Hydraulic fracking is another area of concern in which AER has more than 50 years of regulatory experience. Fracking is a high pressure process of drilling and injecting fluid into the ground in order to fracture shale rocks and release the natural gas inside.
“It’s not new to us, but the scale and the pace of hydraulic fracturing operations in Alberta is certainly gearing up. So we’re looking at ensuring that we have the capacity to regulate in a different way. So rather than a well-by-well basis, we’re looking at more of a project basis,” said Barter.

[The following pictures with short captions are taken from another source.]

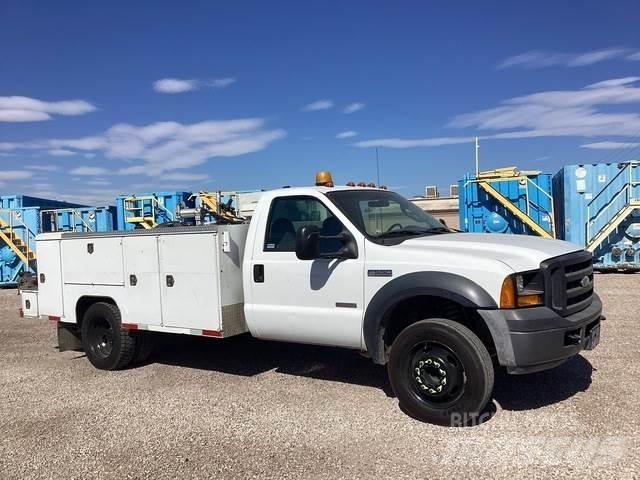 Ford F-550 Pik up kamioni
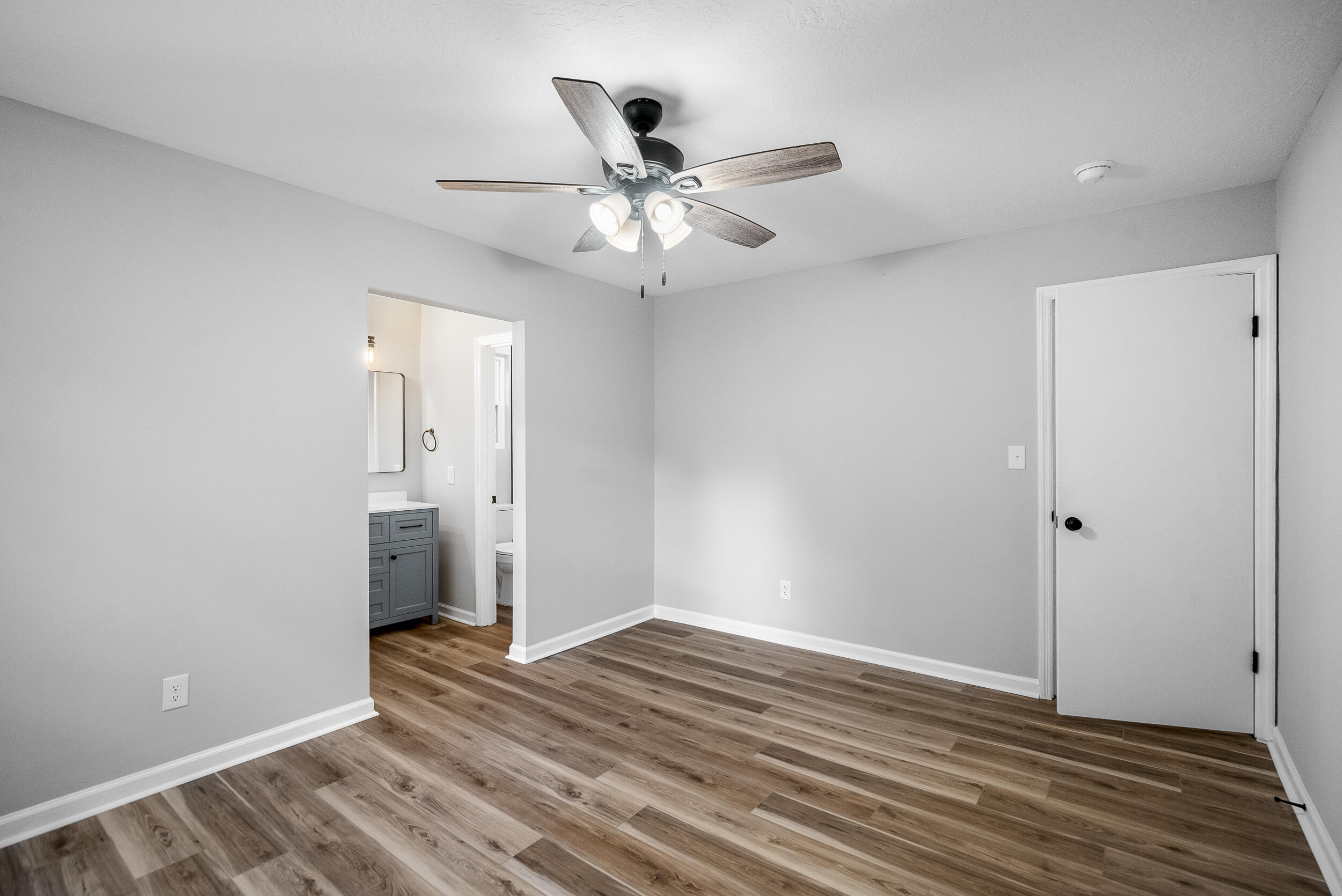 415 Deepwood Place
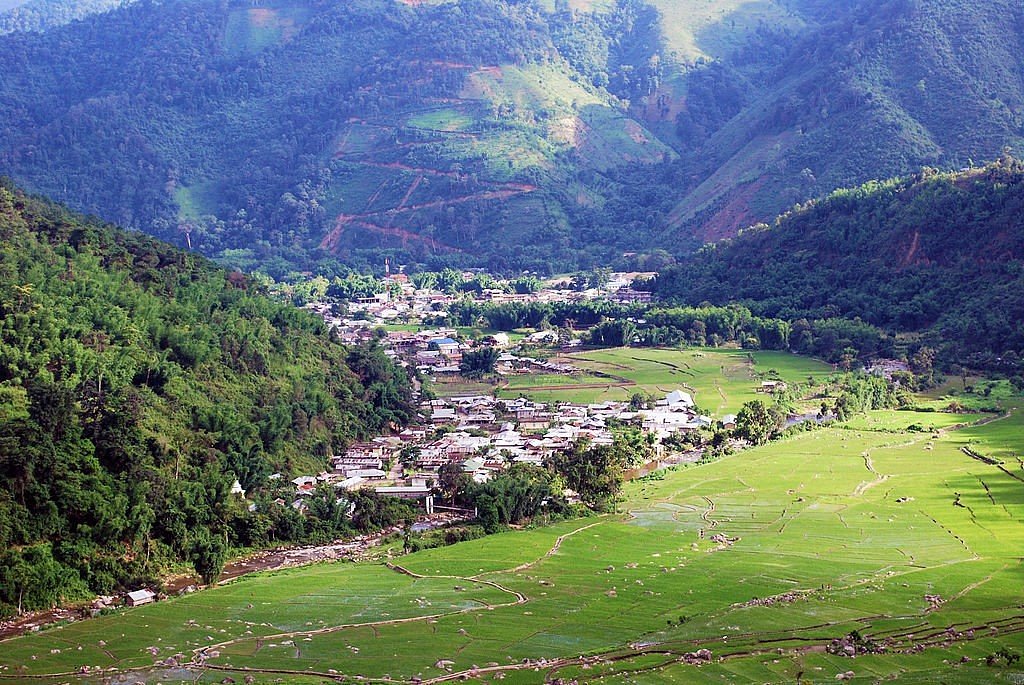 Breathtaking post-monsoon landscape with waterfalls and green valleys in India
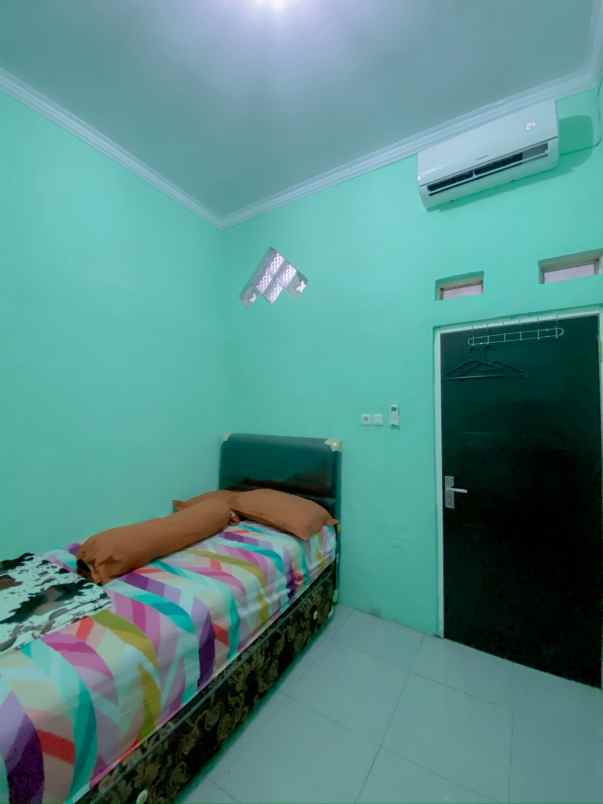 dijual rumah perumahan kebraon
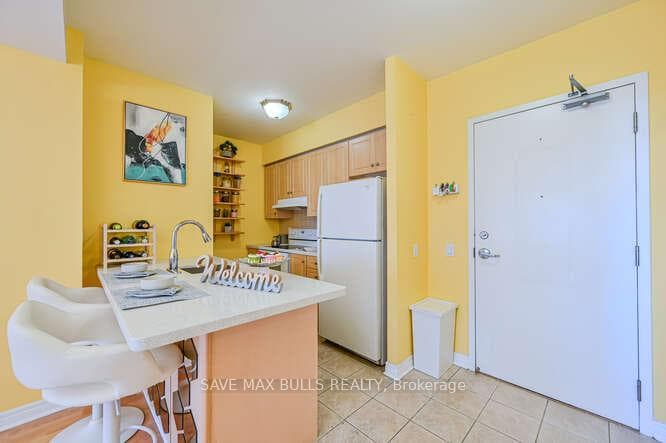 1415 Lawrence Avenue Unit 519 photo 11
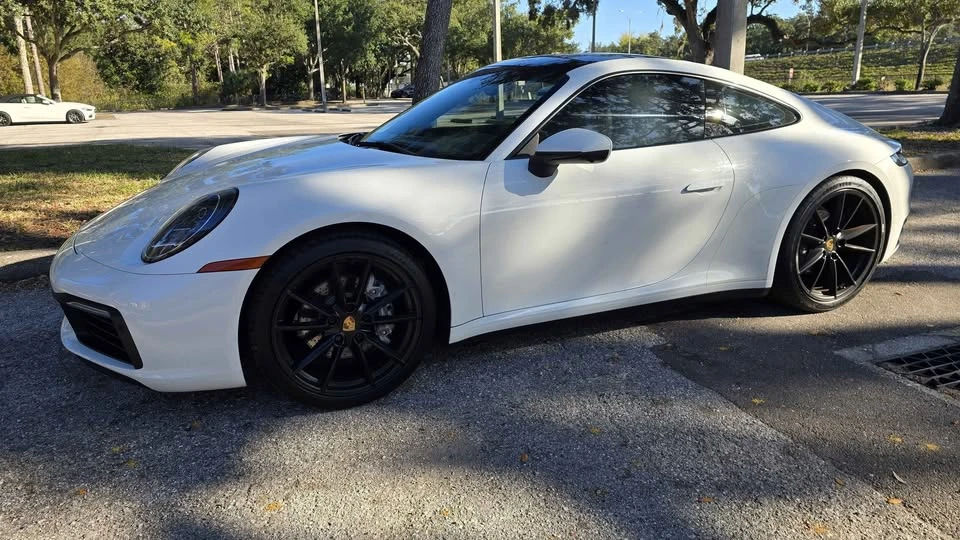2021 Porsche 992 Carrera - Image 16 of 18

He noted that AER is currently setting in place a number of initiatives to make the industry more accountable and to streamline the regulatory process. Like many other provinces, an independently operated geological survey is undertaken in accordance with the energy regulator to test for significant seismic activity as a result of hydraulic fracking that occurs deep below the Earth’s surface. Various monitoring stations are set up throughout Alberta for this purpose. Seismic activity can and does occur on a fairly continual basis in the world, but is often not humanly perceptible at the ground surface. The Canadian Geological Survey team of scientists also conducts regular testing.
“We’re lucky because our geological survey, as part of AER and the work that we’ve done so far, has been very clear in saying that ‘hydraulic fracturing in Alberta has not caused seismic issues,” said Barter.
While the energy industry has always been under a regulator, new technologies are changing the game and requiring new standards of regulation and compliance. Barter notes that it is an exciting time in the history of AER, which revitalized and updated its mandate last year, and for the energy industry as a whole in Alberta.
“Regardless of whether regulations for industry are forcing it to conduct more responsible operations or are prescriptive related to new technology, I think the insistence upon meeting regulations in Alberta is forcing the advent of new technology,” said Barter.
Whatever the future holds in new and developing energy technologies, the AER will keep pace ensuring public interests are met with respect for safety, the environment, and the responsible extraction and development of energy in Alberta for the health and economy of future generations.